The White House under Obama has avoided big scandals, despite GOP claims to the contrary. Jonathan Alter writes in his new column, “The Obama Miracle: A White House Free Of Scandal”:
President Barack Obama goes into 2012 with a weak economy that may doom his reelection. But he has one asset that hasn’t received much attention: He’s honest.
The sight of Texas Governor Rick Perry tumbling out of the clown car recently as a “birther” (or at least a birther-enabler) is a sign of weakness, not just for the Perry campaign but for the whole Republican effort to tarnish the president’s character.
Although it’s possible that the Solyndra LLC story will become a classic feeding frenzy, don’t bet on it. Providing $535 million in loan guarantees to a solar-panel maker that goes bankrupt was dumb, but so far not criminal or even unethical on the part of the administration. These kinds of stories are unlikely to derail Obama in 2012. If he loses, it will be because of the economy — period.
Even so, the president’s Teflon is intriguing. How did we end up in such a scandal-less state?

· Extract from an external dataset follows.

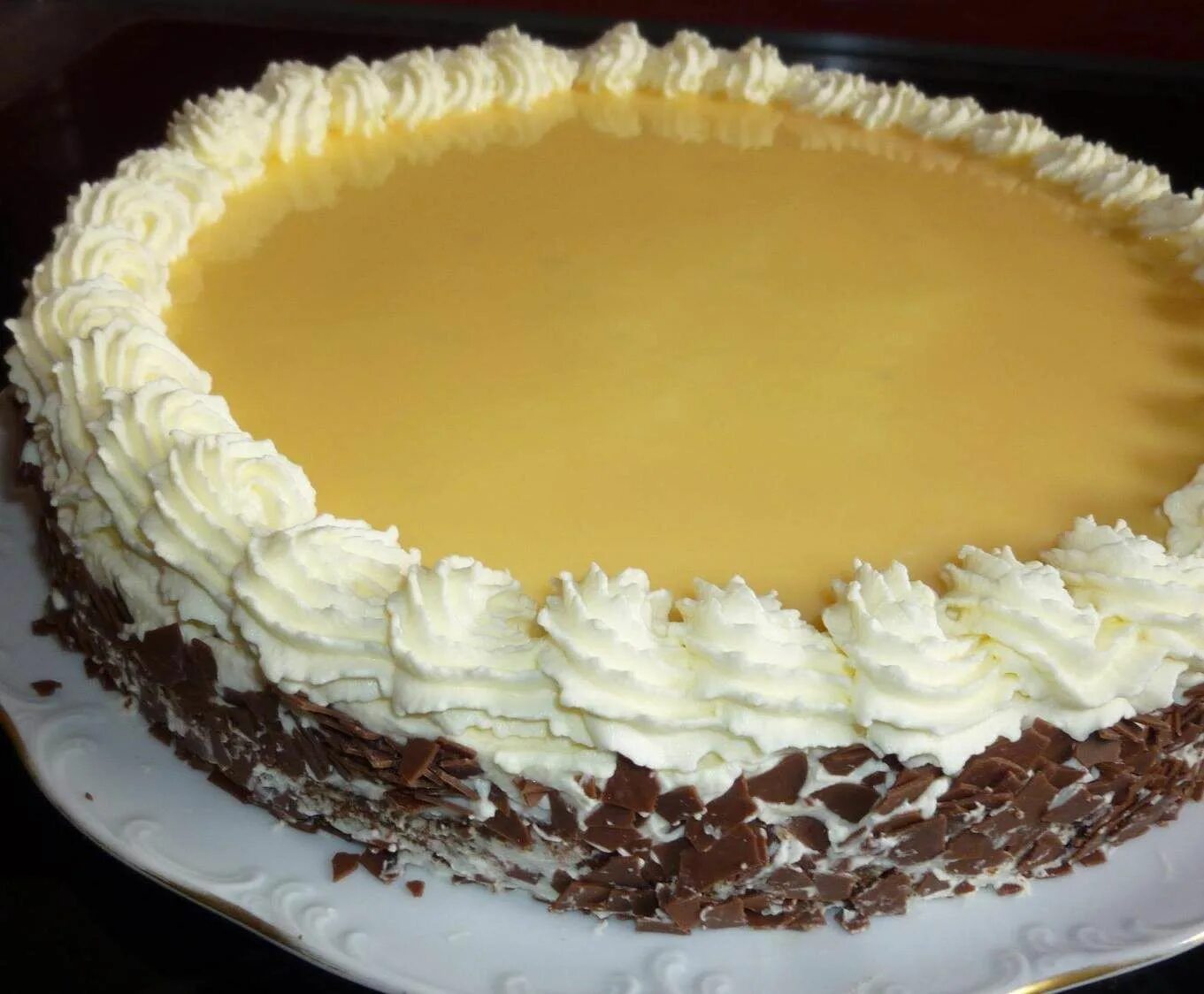 Немецкий чизкейк кезекухен. Das osterkuchenrezept stammt von oma hannas. Das osterkuchenrezept stammt von oma hannas. Немецкий чизкейк кезекухен. Das osterkuchenrezept stammt von oma hannas.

After investigating the question for a recent Washington Monthly article, I’ve been developing some theories.
For starters, the tone is always set at the top. Obama puts a premium on personal integrity, and with a few exceptions (Tim Geithner’s tax problems in 2009) his administration tends to fire first and ask questions later. The best known example is Shirley Sherrod, the Agriculture Department official who was mistakenly fired by her boss over a miscommunication that led higher-ups to believe — wrongly — that she had made inappropriate racially tinged remarks. In several other cases, the decision to give staffers accused of wrongdoing the boot was made within hours, taking the air out of any possible uproar.